--- What the task requires ---
From the data that follows, set down exactly the lines from the one with "commode pitea pib" through the one with "ghostSpiderSwarmTopdown_stand1", counting both. Pictures stay out.

Records supplied below:

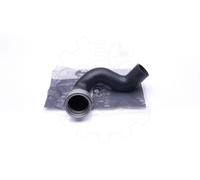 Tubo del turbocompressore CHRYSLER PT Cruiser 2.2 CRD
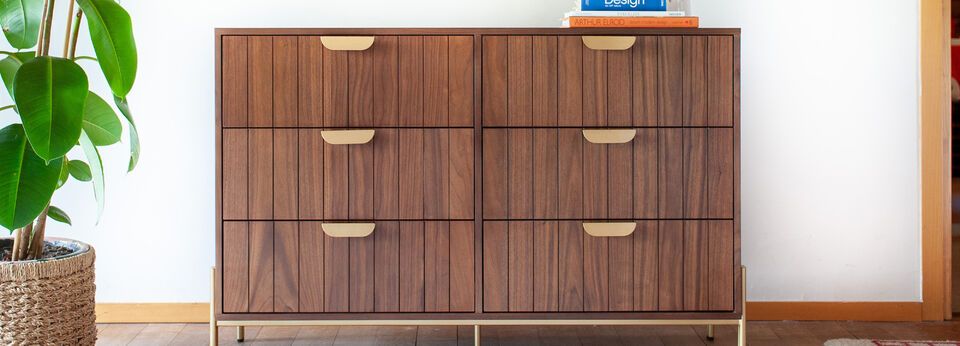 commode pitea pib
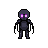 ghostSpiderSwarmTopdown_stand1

End of Records supplied.
Records supplied below:

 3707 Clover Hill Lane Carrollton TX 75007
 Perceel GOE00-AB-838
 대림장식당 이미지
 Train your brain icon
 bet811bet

End of Records supplied.

--- Answer to the exercise ---
 commode pitea pib
 ghostSpiderSwarmTopdown_stand1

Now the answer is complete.